# vacuum not strong enough?



## sephnroth (Jul 30, 2013)

I'm having a problem in my living room tank. It has a sand substrate and dirt accumulates on it. I take a gravel vac to do a water change but half the dirt won't suck up, it just spins around inside vac tube  I end up with unsightly piles even after water changes. Sometimes I use a fish net to grab it burlt I end up with sand too.

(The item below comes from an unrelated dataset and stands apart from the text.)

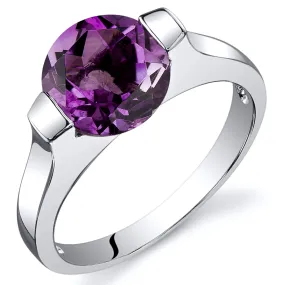 Amethyst Round Cut Sterling Silver Ring Size 7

How can I keep my sand tank clean?


----------



## chenowethpm (Jan 8, 2014)

How much lower is the end of your siphon hose? The lower the end of the hose the faster the flow. I run one of my hosed down a flight of stairs and out the front door, it flows super fast. Also the larger the hose diameter the more flow. When vacuuming the sand, if you hold the vac above and kind swirl it around the stuff on the sand will move making it easier to catch in your tube.


----------



## L.West (Apr 26, 2013)

I also run my out the front door in order to give it more of a drop off for better suction. Although, I never thought about the diameter of the hose - good point.


----------



## coralbandit (Jul 29, 2012)

You need a vac with larger hose like matt said.The vac tube doesn't need to much bigger, but the hose from it is what makes the diff.


----------



## sephnroth (Jul 30, 2013)

Oh... Its just a little shop bought thing. Has a large vac chamber but the hose just reaches from inside tank to bucket on floor next to it... None of this down the stairs business!


----------



## Botiadancer (Dec 30, 2013)

Good advice so far.

Also, if you don't want to increase the size of your entire hose or you don't have a way to increase the amount of drop from end to end, either buy another short gravel vacuum with a smaller ratio of vacuum to hose or adjust that short one. (By short one, I mean tank to bucket) Use the short one for gravel vacuuming and your long one for water changing.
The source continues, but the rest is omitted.